### WHAT NEEDS TO BE DONE
The answer must be a word-for-word copy of the records below, with every picture left out.

### EXERCISE INPUT

┄┄┄┄┄┄┄┄┄┄┄┄┄┄┄┄┄┄┄┄

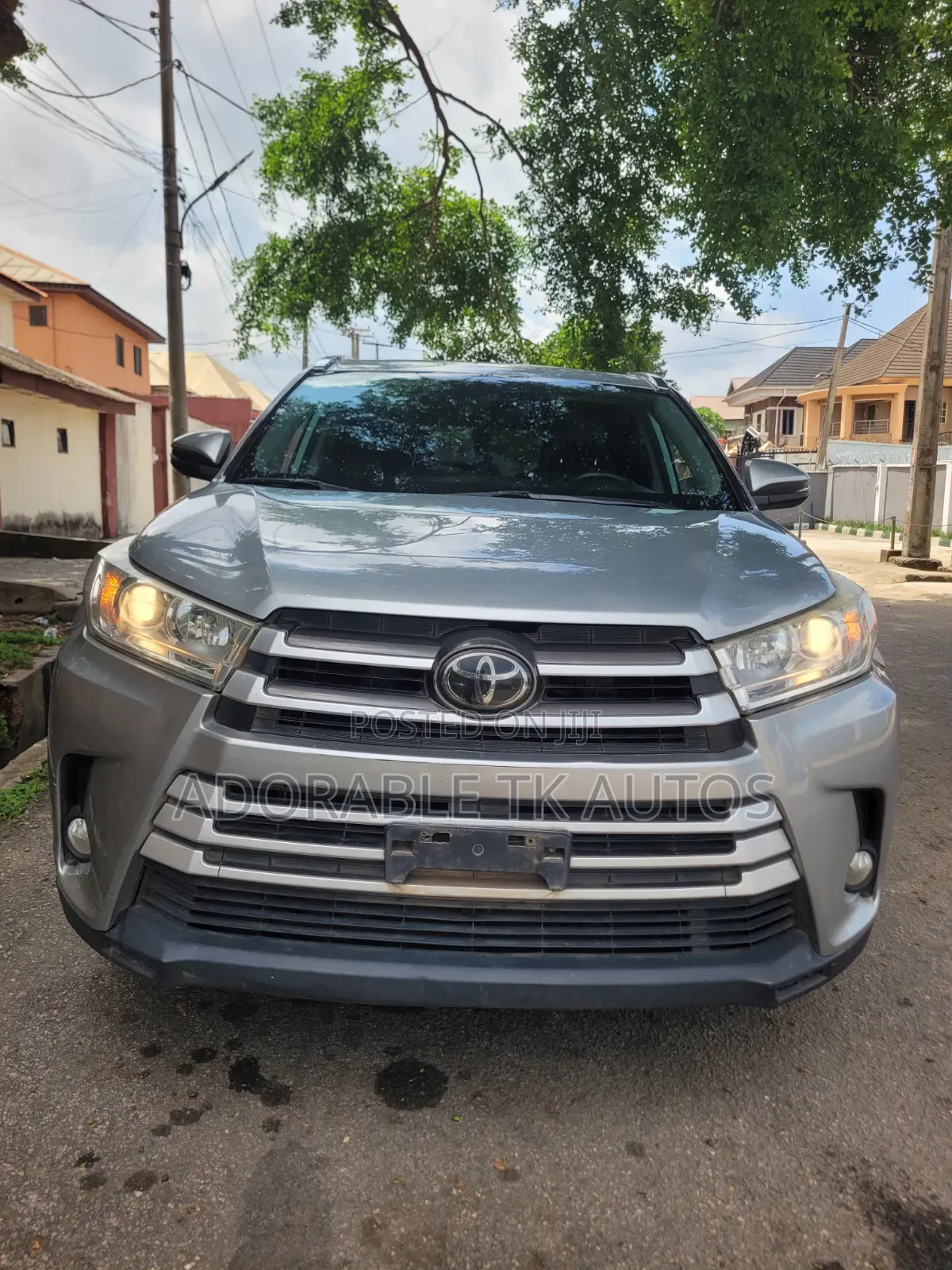 Toyota Highlander XLE 4x4 V6 (3.5L 6cyl 8A) 2018 Gray
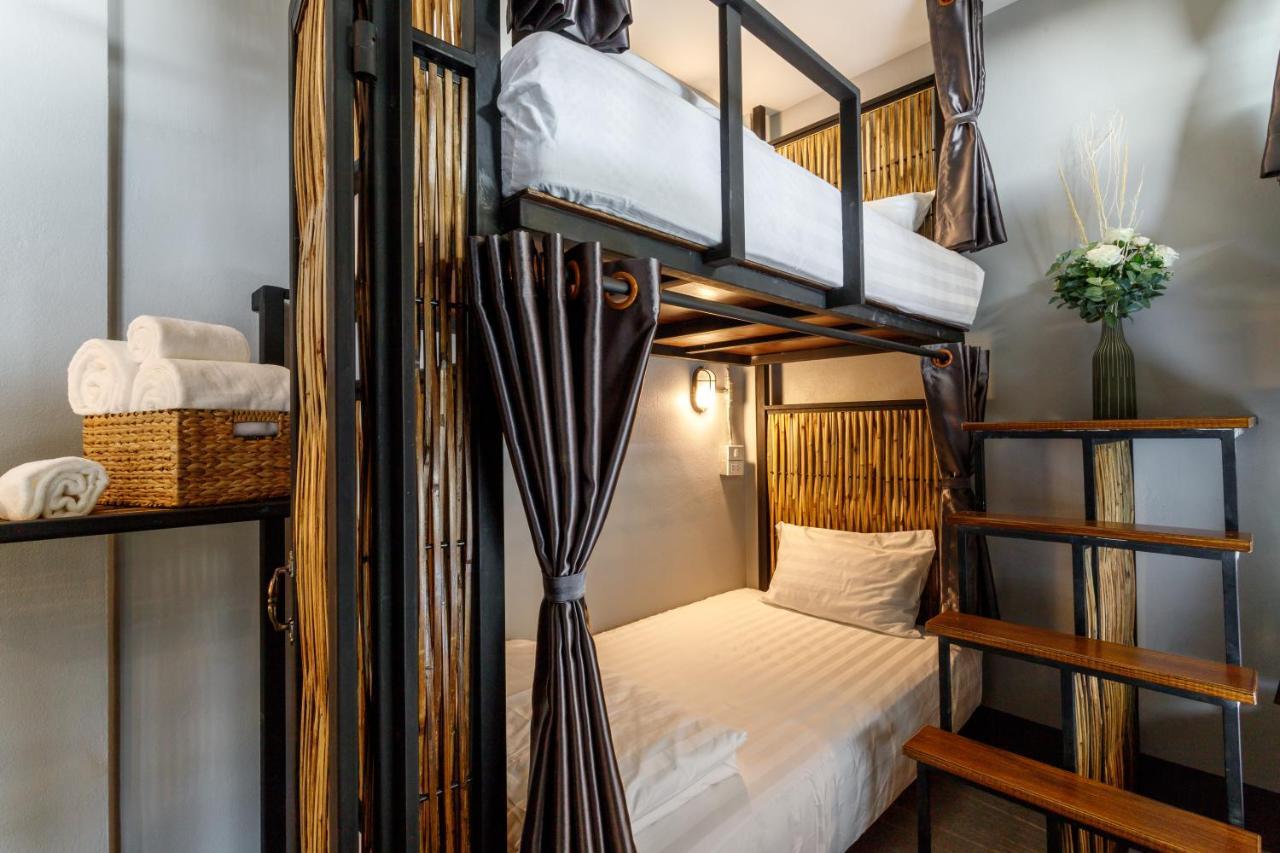 Hostel One Art And Gallery Чиангмай Экстерьер фото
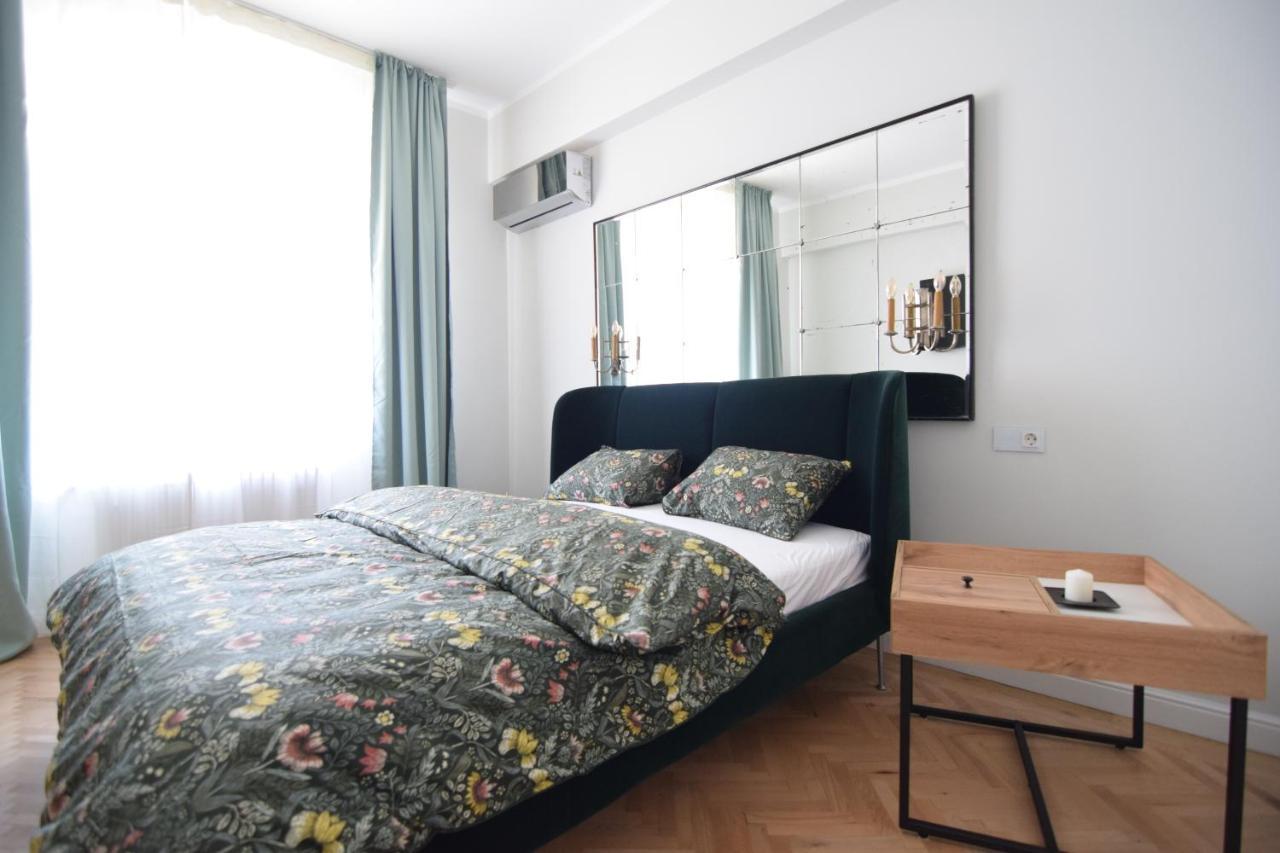 Beautiful Apartment In Old City Boekarest Buitenkant foto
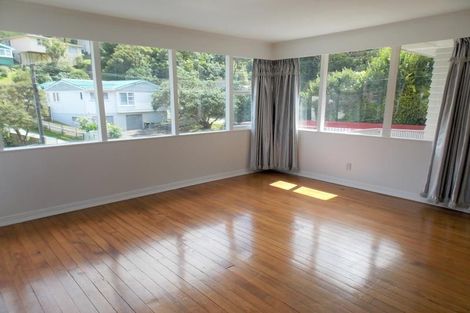 Photo of property in 142 Parkvale Road, Karori, Wellington, 6012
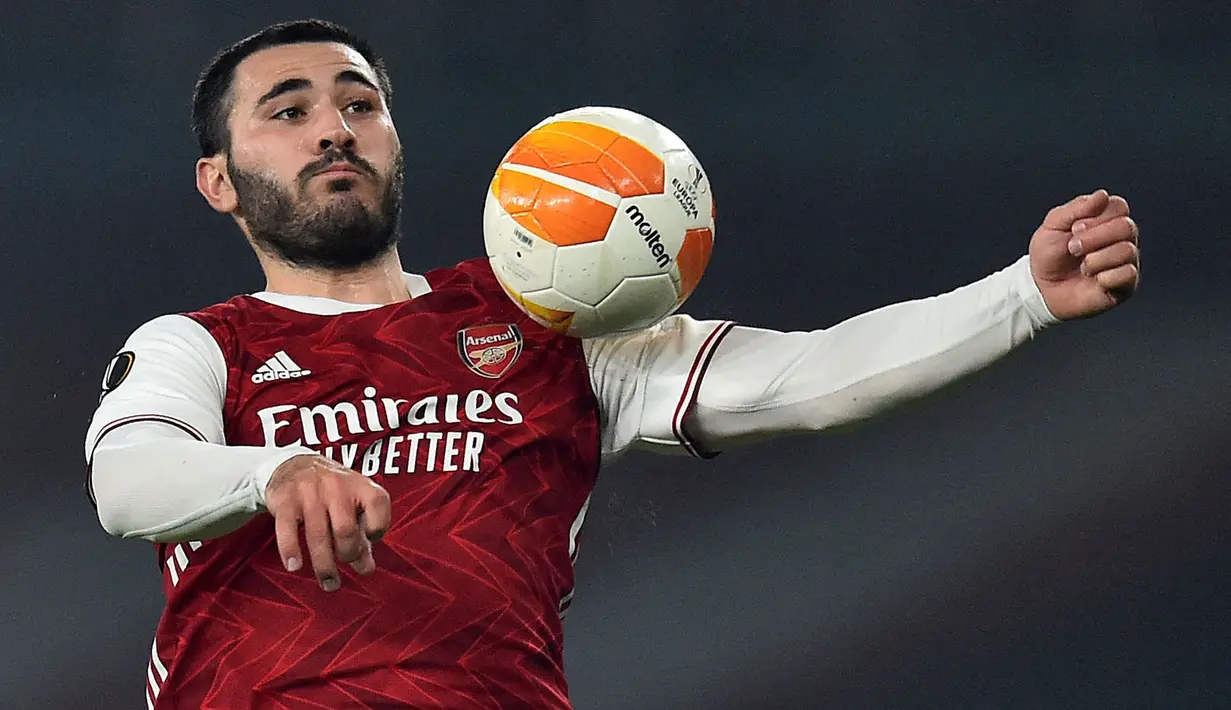 Sead Kolasinac sebelumnya dikabarkan akan meninggalkan Arsenal pada bursa transfer musim panas kemarin, tetapi nyatanya tidak. Ia memilih menetap di klub yang ia bela sejak 2017 lalu, padahal kontraknya akan habis pada 30 Juni 2022. (AFP/Glyn Kirk)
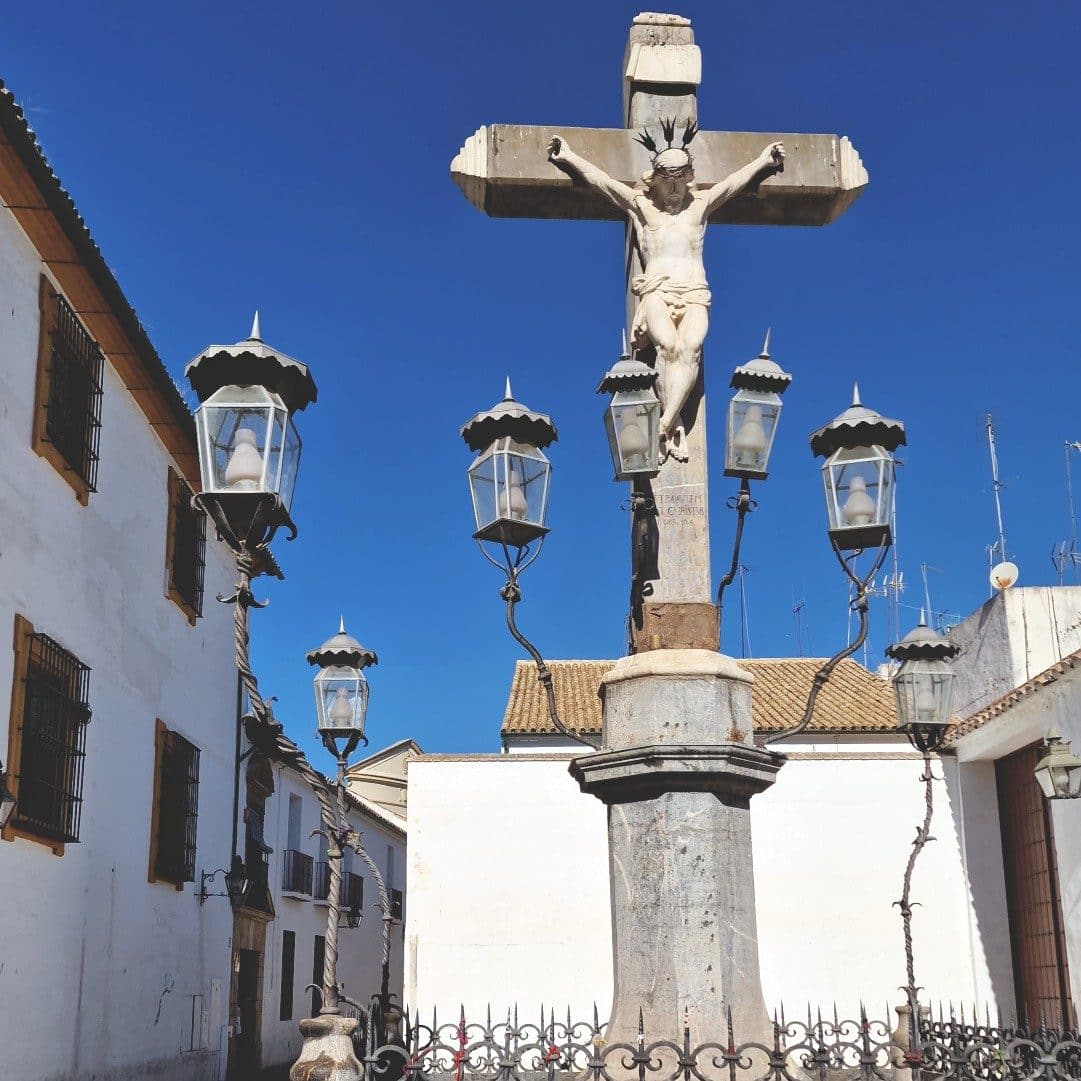 El Cristo de los Faroles es una de las esculturas públicas más famosas de Córdoba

┄┄┄┄┄┄┄┄┄┄┄┄┄┄┄┄┄┄┄┄

### ANSWER AREA
 Toyota Highlander XLE 4x4 V6 (3.5L 6cyl 8A) 2018 Gray
 Hostel One Art And Gallery Чиангмай Экстерьер фото
 Beautiful Apartment In Old City Boekarest Buitenkant foto
 Photo of property in 142 Parkvale Road, Karori, Wellington, 6012
 Sead Kolasinac sebelumnya dikabarkan akan meninggalkan Arsenal pada bursa transfer musim panas kemarin, tetapi nyatanya tidak. Ia memilih menetap di klub yang ia bela sejak 2017 lalu, padahal kontraknya akan habis pada 30 Juni 2022. (AFP/Glyn Kirk)
 El Cristo de los Faroles es una de las esculturas públicas más famosas de Córdoba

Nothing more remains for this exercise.